Or maybe not. Maybe metal bands don't need SXSW to build a following and get themselves out to the public. Proof? Just look at Deafheaven. While SXSW was pivotal for them early on, since 2013 they've skipped out, and it hasn't hurt them one bit. They're in Europe right now, which is why they couldn't make it, but they've made plenty of moves without relying on SXSW. Just a couple months ago, they wrapped up their biggest tour yet opening for Lamb of God and Anthrax, which put them in front of a lot of dyed-in-the-flesh metalheads who don't bother checking up on Pitchfork and Stereogum for metal recommendations. When SXSW 2014 rolled around, they skipped Austin because they toured with Between The Buried and Me, another tour that greatly expanded their audience as the prog wing got a taste of them. On March 15, 2014 to be exact, they were just a little over an hour away in San Antonio. They'll be busy on the festival circuit this summer, including Chicago Open Air in July, where they finally get the chance to open for Korn (and I don't say that dismissively).

Could they have swung their way up for a surprise show? Sure, but it doesn't matter now. Also, Ghost have played SXSW a grand total of zero times, and they just got a Grammy! Like Babymetal, they're a crossover act with visual flair that would be perfect for SXSW, musical merit notwithstanding. Not that there's a solid correlation between SXSW appearances and Grammy noms, but you know that at least one big metro paper music critic would have skipped an Anderson .Paak show to check out Papa Emeritus III hamming it up.
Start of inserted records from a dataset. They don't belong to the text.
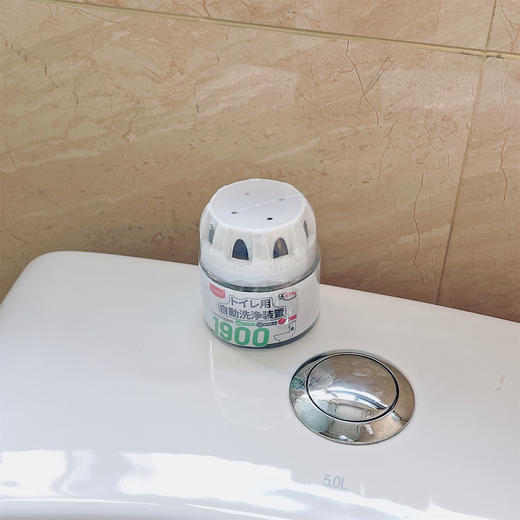 「单瓶可用约1900次！三瓶装」UYIKU小蓝瓶马桶洁厕灵 厕所除臭去异味清香浓缩型马桶清洁工具剂 商品图1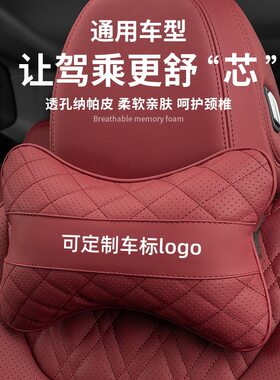 汽车头枕车用靠枕护颈枕靠垫腰靠车内座椅枕头车载多功能抱枕被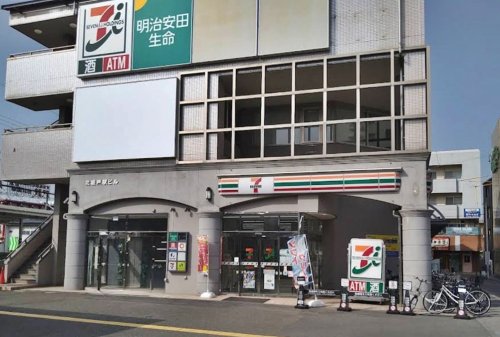 コンビニ　セブン-イレブン 北坂戸駅東口店（コンビニ）まで291m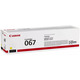 Картридж Canon 067 MF651Cw/MF655Cdw/MF657Cdw/LBP631Cw/LBP633Cdw Yellow (5099C002)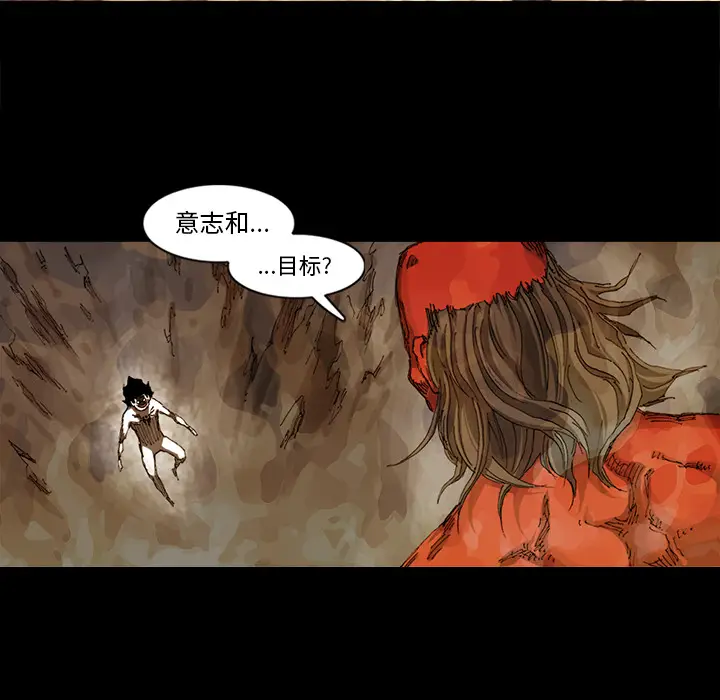 阿修罗[顶通]韩漫全集-第26话无删减无遮挡章节图片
Barring MDF putting on a miniature edition at SXSW, it might be time to say goodbye to any hopes of the festival getting metal right. As a dude who goes to every metal show in town and hears “I see you at every show, dude!” at least once every time, I'm okay with that. I can take a week off to party with my non-metal friends at Drake and guzzle free Jack and Red Bull (sorry, Mom).